- Born: January 28, 1916 New York City, New York, U.S.
- Died: October 3, 2018 (aged 102) New York City, New York, U.S.
- Occupation: Tap dancer

= Ludie Jones =

American dancer (1916–2018)

Ludie Olivia Jones (January 28, 1916 – October 3, 2018) was an American dancer. Jones was part of the Harlem Renaissance and started tap dancing at an early age. She had an early career that spanned the 1930s to the 1950s and was revived in the 1980s. Jones continued to dance and teach tap dance well into her later years.

== Biography ==
Ludie Olivia Jones was born in New York City on January 28, 1916, and was one of five siblings. Jones started dancing when she was three, after being introduced to the Charleston and the Time Step by a family friend. Soon after, her mother signed her up to take dance lessons and when Jones was eleven, she was teaching tap dance at Emma Kemp's studio.

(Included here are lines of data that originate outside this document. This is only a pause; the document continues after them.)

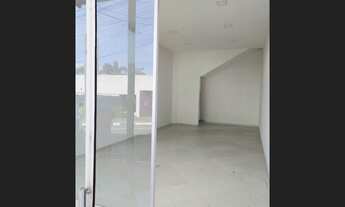 Imagem: Ponto Comercial em frente ao Memorial da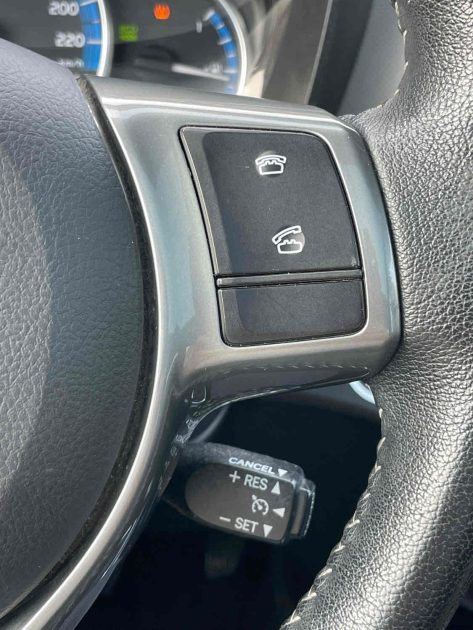 TOYOTA YARIS HYBRID 2015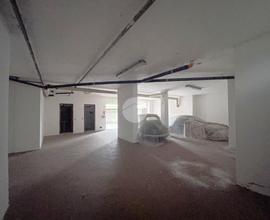 MAGAZZINO A BRESCIA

Jones became a part of the chorus of Lew Leslie's Blackbirds of 1934 and went on to dance in London. When she completed her tour she formed a dance team with Peggy Wharton and Marion Worthy Warner called the Lang Sisters. The Lang Sisters danced in venues with Fats Waller, Louis Armstrong and Louie Russell. In 1941, she formed another group called The Three Poms with Sylvia Warner and Geraldine Ball. This group was an opening act for Cab Calloway's Band and featured different styles of dance with Jones performing as a rhythm dancer. The group was also featured on Broadway in Ethel Waters' "One Meatball". The Three Poms stayed together until the 1950s and also performed United Service Organizations shows across the globe.

In 1955, Jones began to work as a telephone operator for the New York Telephone Company, after having trouble finding tap dancing jobs. She stayed at the company until 1978, when she retired. In 1982, she started a dance group called the Swinging Seniors, which toured nursing homes and senior centers. It was later known as the Tapping Seniors.

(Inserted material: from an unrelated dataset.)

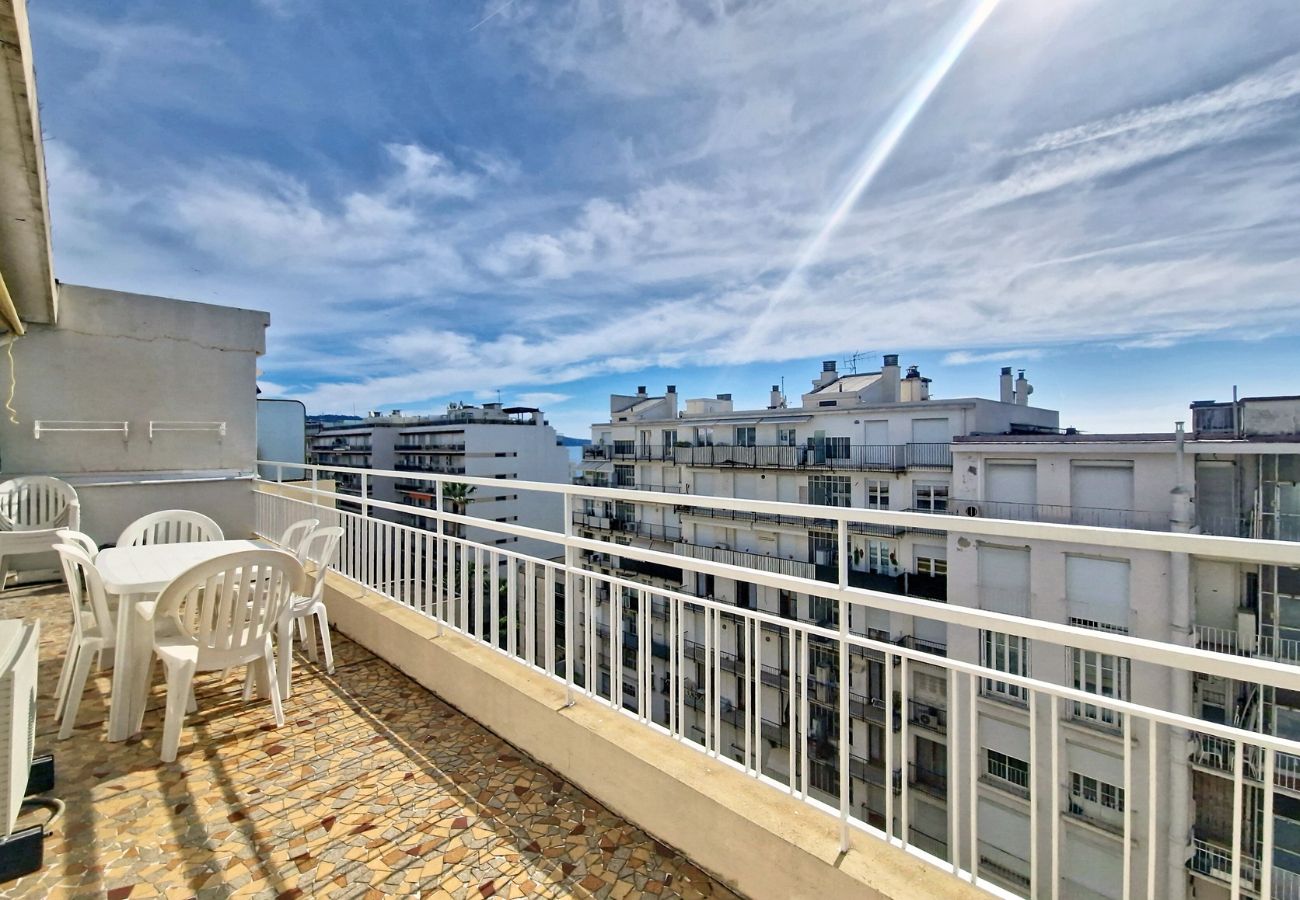 Apartment in Nice - New! N&J - MARINA AZUR - By sea - Terrace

In 1984, Jones was featured in "Shades of Harlem," which played at the Village Gate. The Paducah Sun wrote that "A special feature of the show is the tap dancing of Ludie Jones, a Harlem Renaissance lady from the original Cotton Club. She continues to stun audiences with her vigorous tap routines." She toured internationally with "Shades of Harlem". The New York Times noted her performance in "Shades of Harlem" and wrote "Clearly this is a tap dancer who enjoys being back in the spotlight with her solo 'Perdido.'"

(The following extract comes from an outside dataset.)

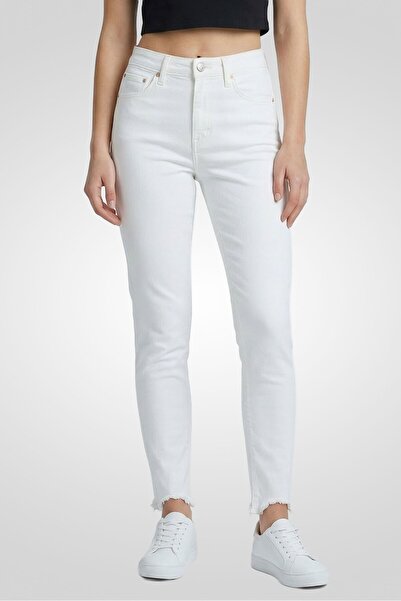 Reiko Women Regular Fit Solid Stretchable Denim, White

Jones continued to teach tap-dancing into her nineties. The St. Louis Tap Festival honored Jones in 2008. In 2016, she was inducted into the International Tap Dance Hall of Fame.

Jones died on October 3, 2018, in New York, aged 102. According to cultural and dance historian, Delilah Jackson, Jones was considered "one of the greatest tap dancers in Harlem" and was essential in preserving that style of dance.